Question

There are two pipes, an inlet pipe , which completely fills a tank at \[6\] \[litre/\min \] and an outlet pipe which empties the tank at \[4\] \[litre/\min \] .The pipe function alternately for \[1\] minute and the inlet pipe is the first to function. Considering the capacity of the tank as \[50\] \[litres\] , how much time will it take to completely fill the tank?

Answer 1

Hint: In this question, we were given a tank which contains two pipes of which one is inlet and other is outlet pipe. The pipes function alternatively for a minute each and their rates at which inlet and outlet of water is done was given. The capacity of the tank was given, we must find the total time to completely fill the tank. Now using the rates given we find the net rate of inlet of water and compute the solution.
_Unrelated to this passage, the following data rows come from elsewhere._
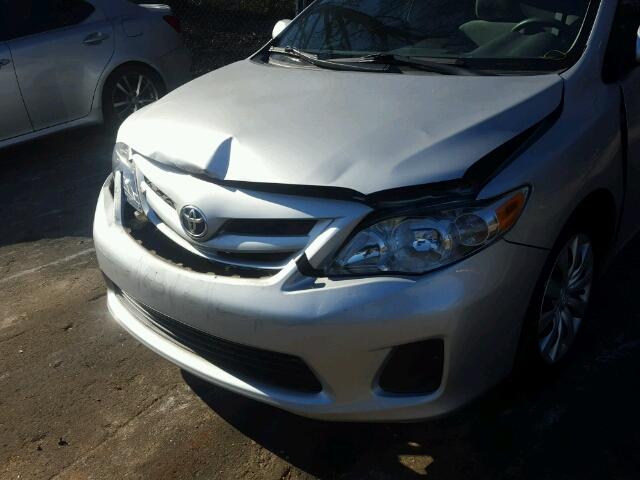 5YFBU4EE1CP022690 - 2012 TOYOTA COROLLA BA SILVER photo 9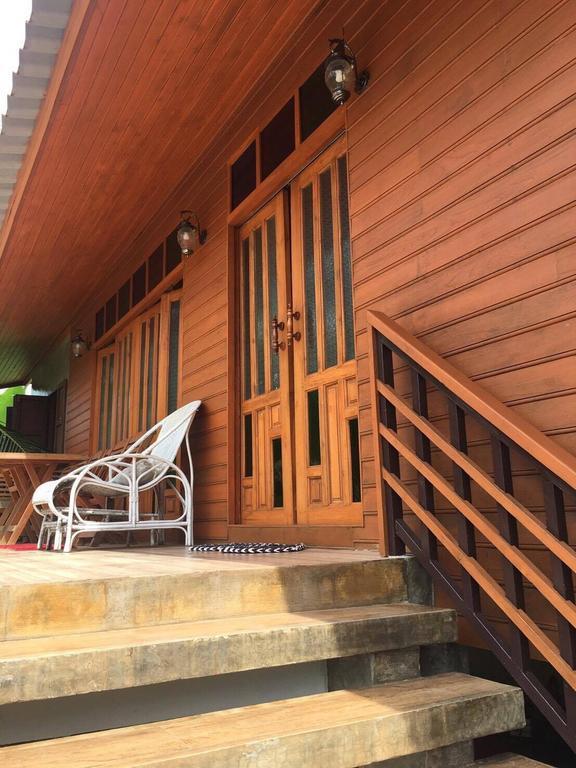 Saduemuenghomestay Phrae Εξωτερικό φωτογραφία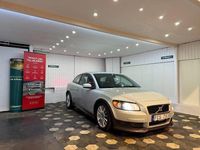 Begagnad Volvo C30 Momentum 220 HK (161 kW) 2006 Vit Halvkombi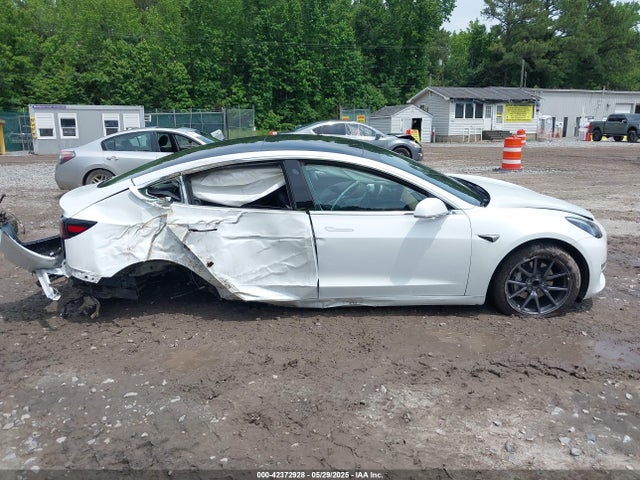5YJ3E1EA3LF632082 Tesla 2020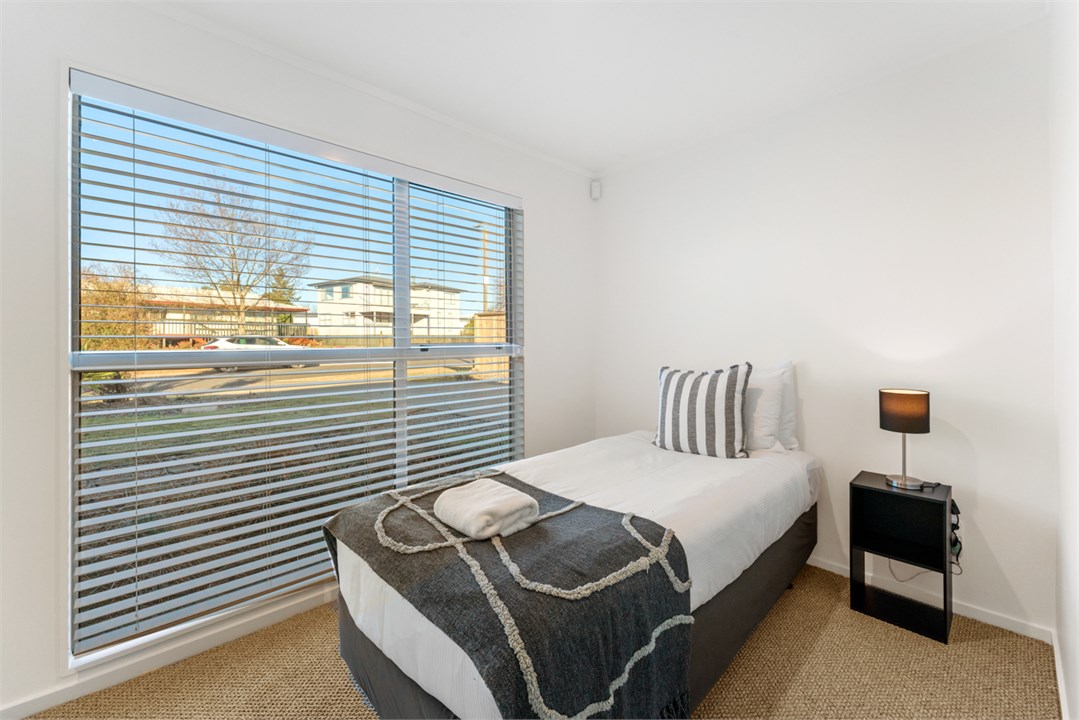 Bedroom 4 with single bed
Complete step-by-step answer:
According to the question, the pipes functions alternately each a for a minute and the inlet pipe is first to function, so we write
Initially the tank is empty and for the first minute the inlet pipe is opened which has the rate of filling the tank as \[6\] \[litre/\min \].Therefore it means it fills \[6\] litres per minute. Now the tank contains \[6\]litres of water .In the next minute as the pipes function alternately outlet pipe is opened ,it has a rate of emptying tank as \[4\] \[litre/\min \].Therefore it means it empties \[4\] litres per minute .Now as the tank already contains \[6\]litres, outlet pipe releases \[4\]litres of it and the remaining quantity of water in tank will be \[2\]litres in total time of two minutes.
Therefore we write the net rate of water inflow \[R = \dfrac{{2litres}}{{2\min }} = 1litre/\min \] .
Now a total volume 50 litres should be filled so we write,
\[R = \dfrac{{volume}}{{time}}\]
\[R = 1 = \dfrac{{50}}{{time}}\]
\[ \Rightarrow time = 50\min \]
Therefore, the total time required to fill the tank will be \[50\] minutes.
So, the correct answer is “50 Mins”.

Note: While solving this question, all the main terms such as inlets, outlets etc. should be known. Inlet and outlet features allow water to flow into and out of features and also limit the rate at which water flows along and out of the system. Efficiency is inversely proportional to the Time taken when the amount of work done is constant.